[Opening SUPPLIED MATERIAL section]
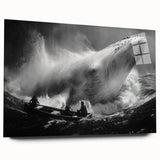Side view of a marine life-themed wall art piece featuring a striking whale design printed on acrylic glass, showcasing vibrant colors and intricate details, perfect for ocean lovers.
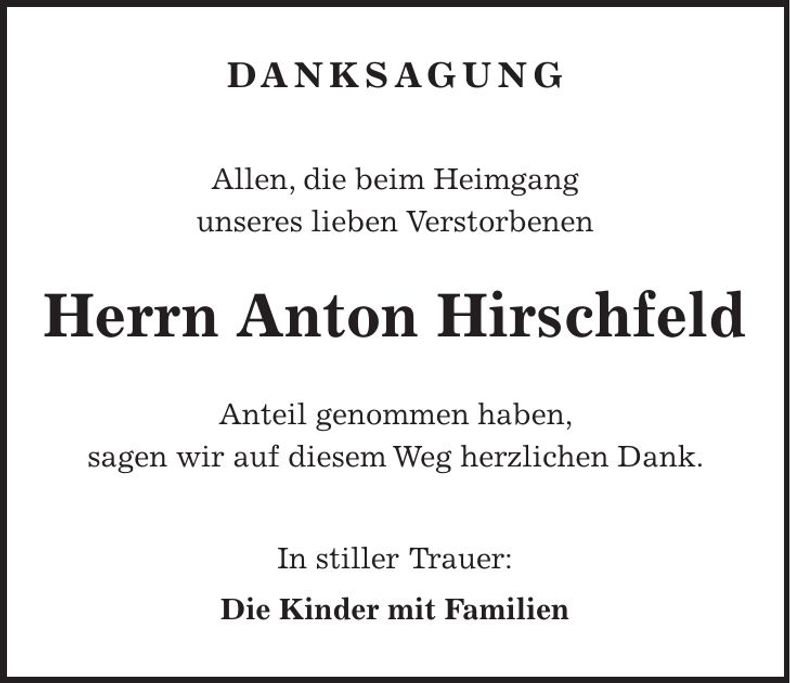 Traueranzeige Anton Hirschfeld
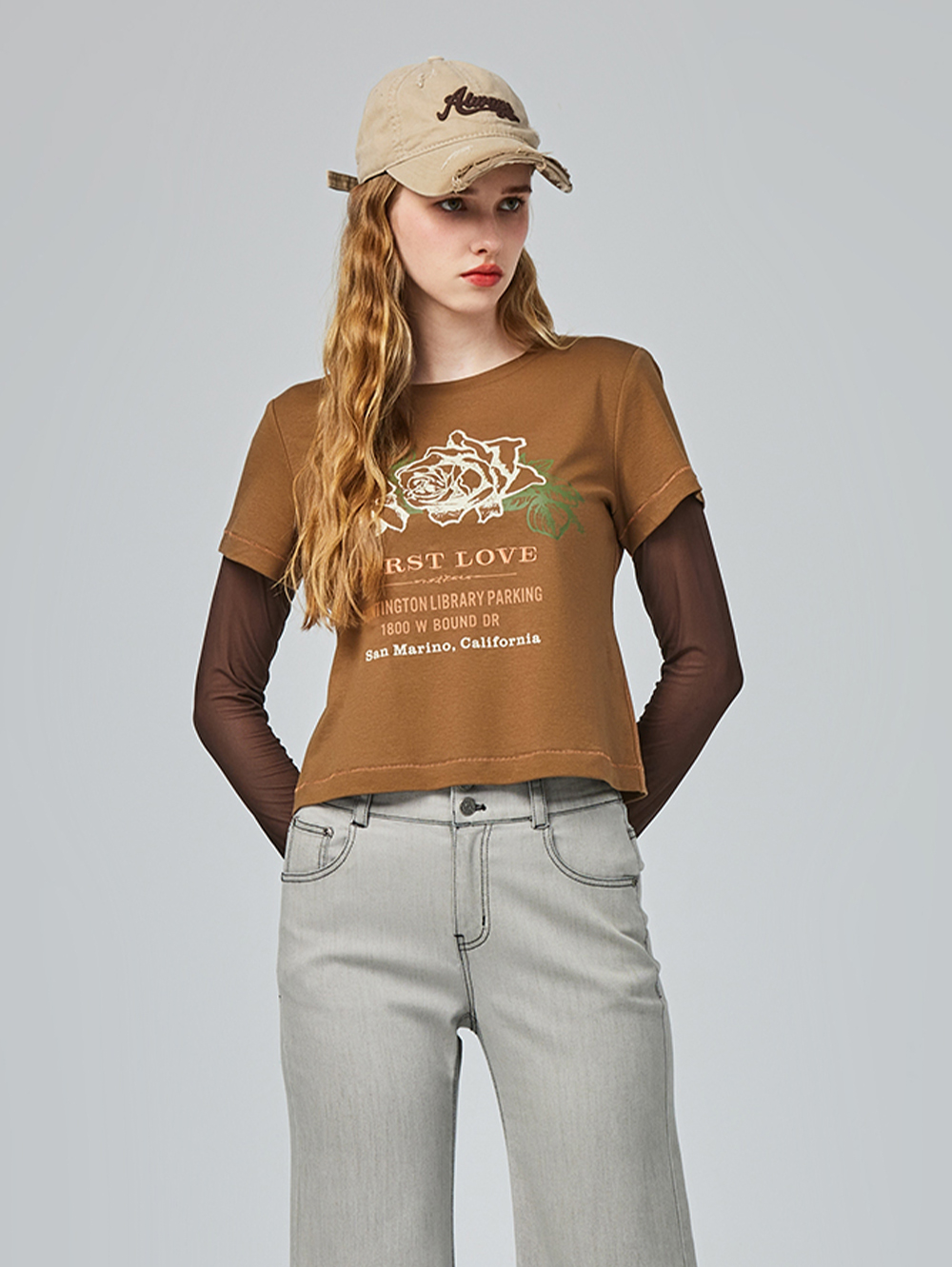 abito玫瑰印花兩件式上衣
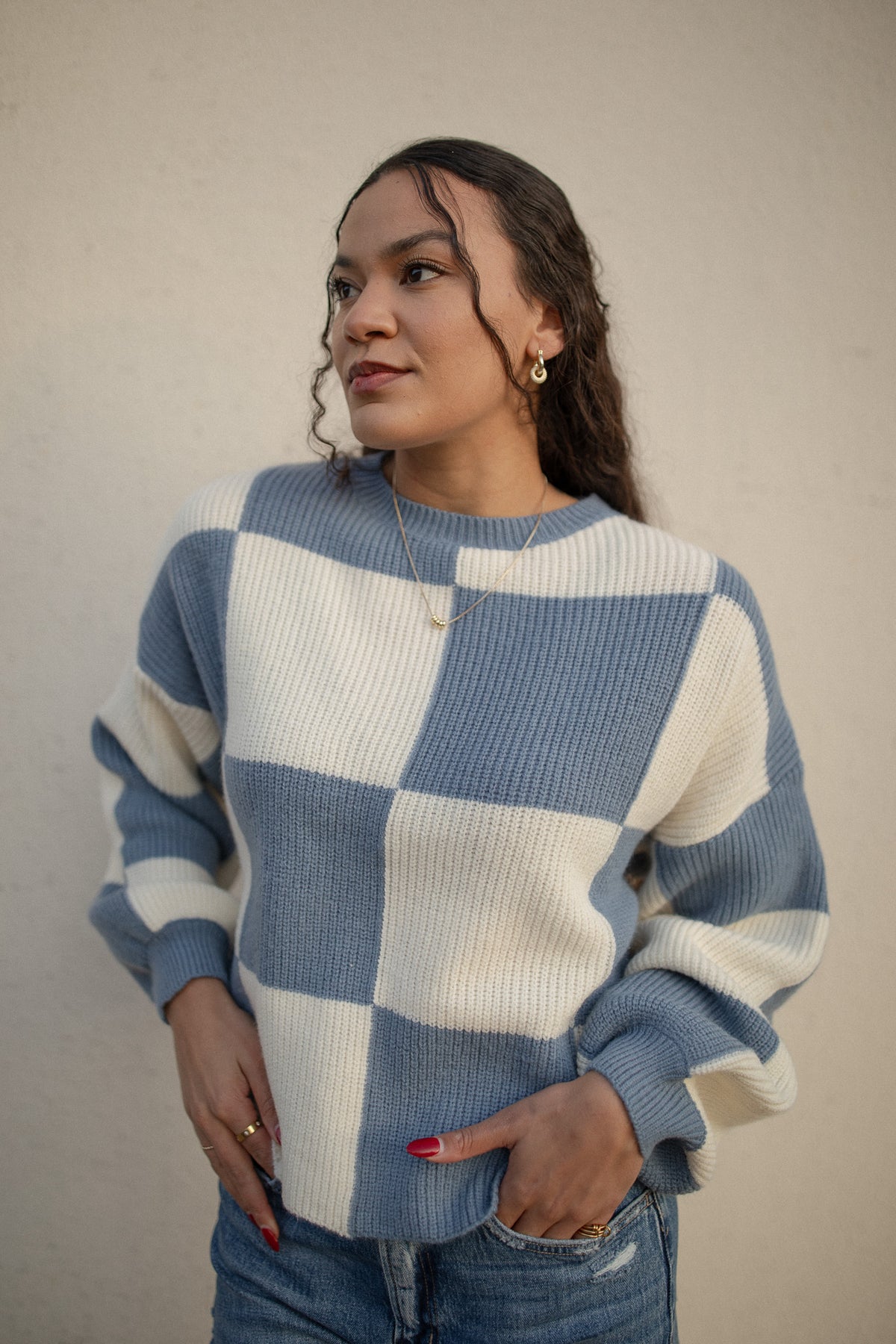 Checkerd Sweater (lt blue)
[Closing SUPPLIED MATERIAL section]
ACTIVITY — Could you write out the whole listing exactly, dropping the pictures?

TASK SOLUTION —
Side view of a marine life-themed wall art piece featuring a striking whale design printed on acrylic glass, showcasing vibrant colors and intricate details, perfect for ocean lovers.
 Traueranzeige Anton Hirschfeld
 abito玫瑰印花兩件式上衣
 Checkerd Sweater (lt blue)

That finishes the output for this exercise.